Which brings me to Channel Blue, a comic sci-fi novel by Jay Martel. In the book a down and out Los Angeles screenwriter, Perry, accidentally learns that the Earth is actually a huge reality TV show run for the benefit of an alien race. Even worse, ratings are down and the show’s been cancelled – in other words, the Earth is to be destroyed. Perry does his best to save it, but each attempts tends to fail miserably and leads to Perry suffering in all kinds of ways.

The other night, while going through another of these episodes (it gets kind of tedious), Perry is identified as a potential terrorist, taken to a secret location, and waterboarded. Not for any good reason (he’s back on his way quickly enough), but, there it is – a depiction of waterboarding in what’s otherwise been a funny, light bit of entertainment.

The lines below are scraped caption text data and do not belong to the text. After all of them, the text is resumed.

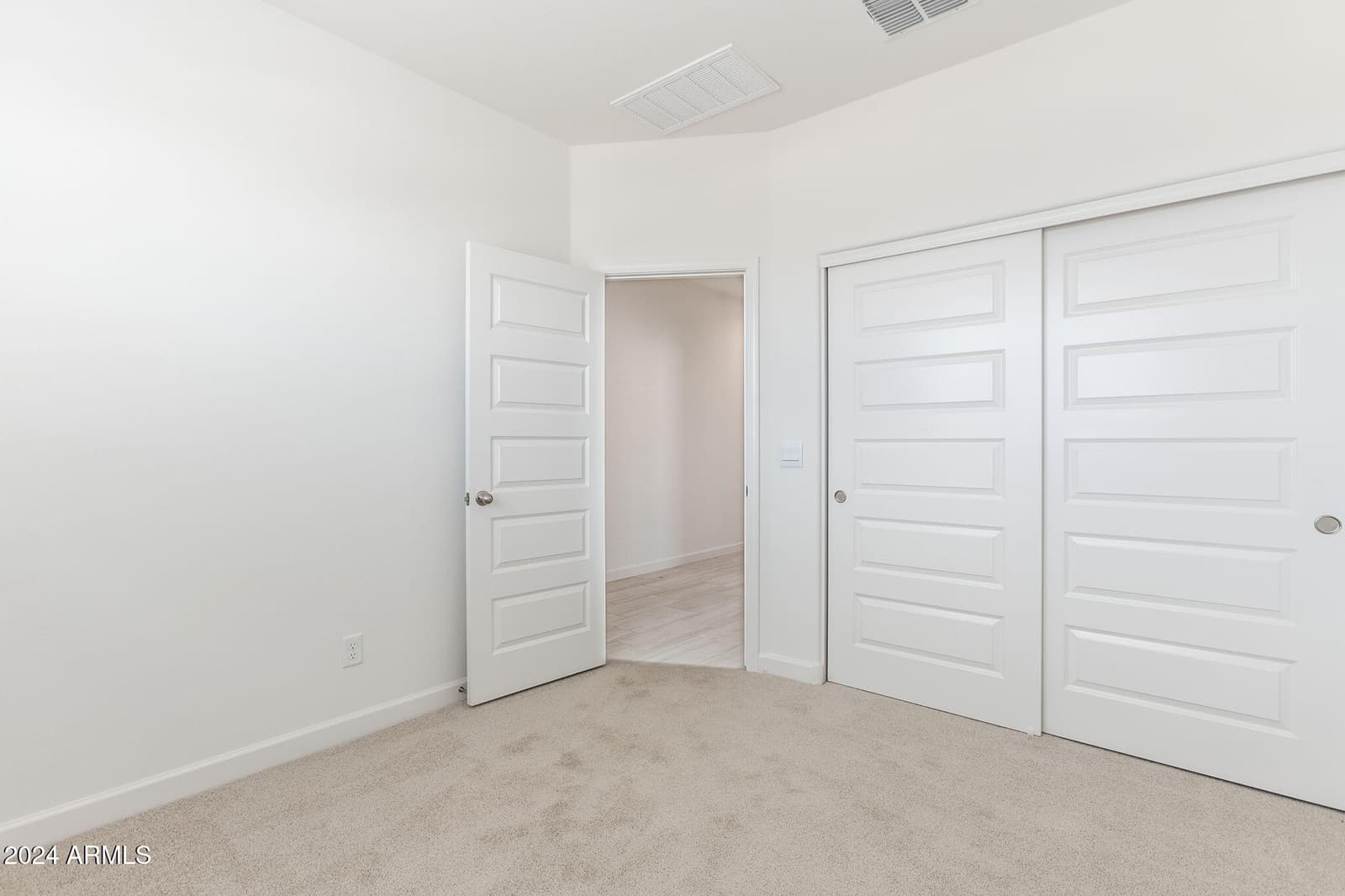23975 W Yavapai Street, Buckeye, AZ 85326 — photo 38 of 44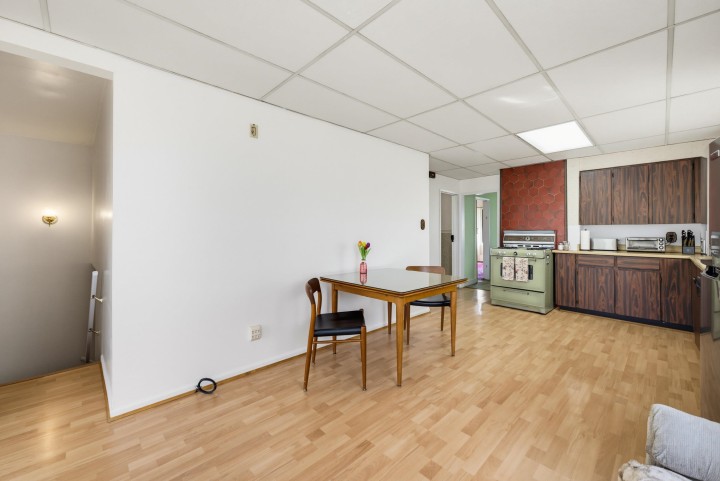 Photo 17 at 3587 Triumph Street, Hastings Sunrise, Vancouver East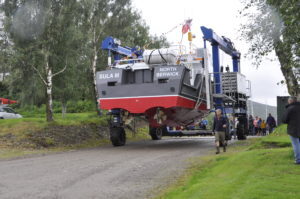 15T35SulaIIILaunch2300x199jpg
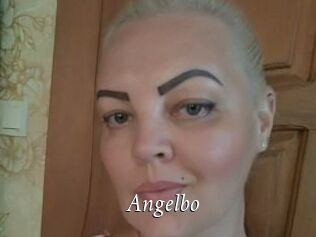 Angelbo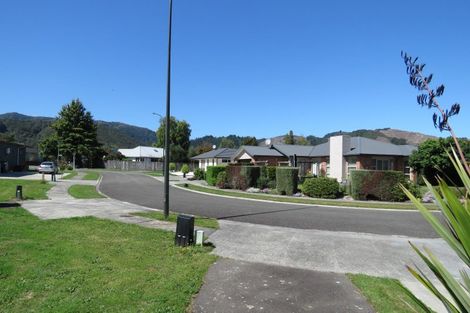 Photo of property in 5 Wicken Place, Reefton, 7830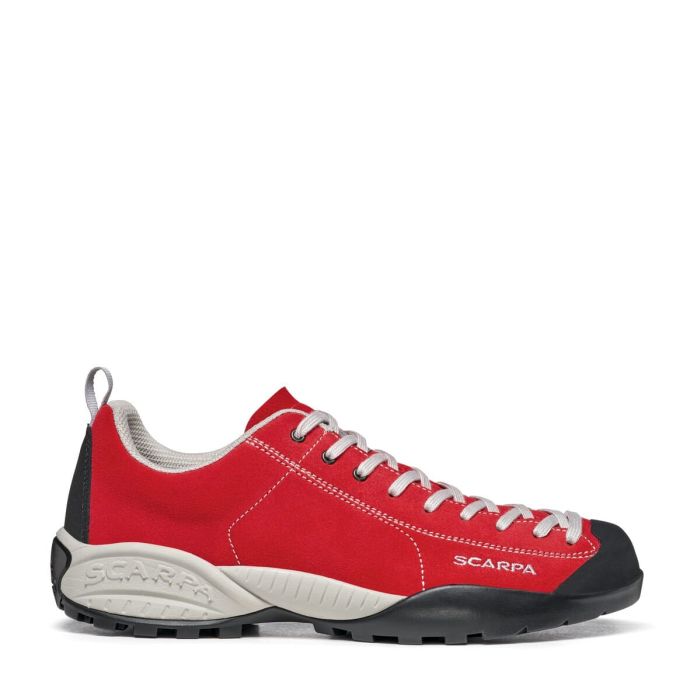 Scarpa Mojito Tomato Pantofi Lifestyle Femei [3]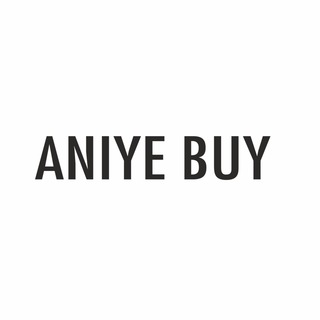 Me ._shop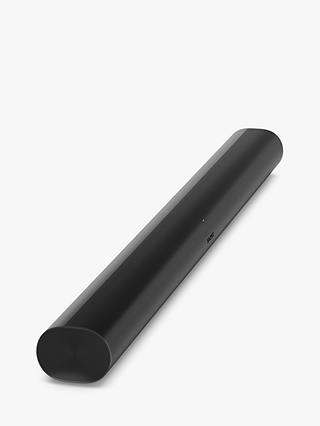 Sonos Arc Smart Sound Bar with Dolby Atmos & Voice Control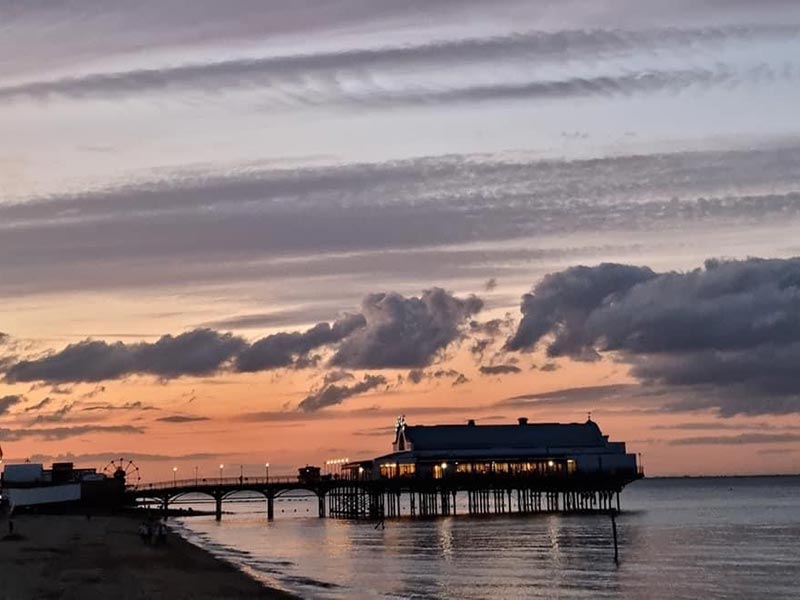 Pier01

It stopped me cold.

It’s not that I object to any depiction of torture in literature or film. But it’s one thing to depict it as part of a serious work, perhaps shedding light on the brutality of the whole process. It’s quite different to put it in a comedic work even if the act itself wasn’t played for laughs.

But if that’s true, what about one of my favorite books (and others) of all time? Very early on in The Hitchhiker’s Guide to the Galaxy the entire planet Earth is destroyed. It’s played completely as a joke – the Earth is destroyed to make way for a hyperspace bypass. Billions of people are killed. That’s never bothered me – why not?

I think it comes down to realism, oddly enough. Realistically, the Earth is not going to be destroyed, certainly not to make way for a hyperspace bypass by an alien race spouting awful poetry. The idea is so absurd that it’s not worth taking seriously. By contrast, waterboarding of alleged terrorist suspects is something we’ve done, and not in the recent past.

I’ll admit this is probably not a rational response. Most things like this are more visceral than intellectual (although not all). There’s nothing wrong with that, so long as people recognize it. I guess I do now.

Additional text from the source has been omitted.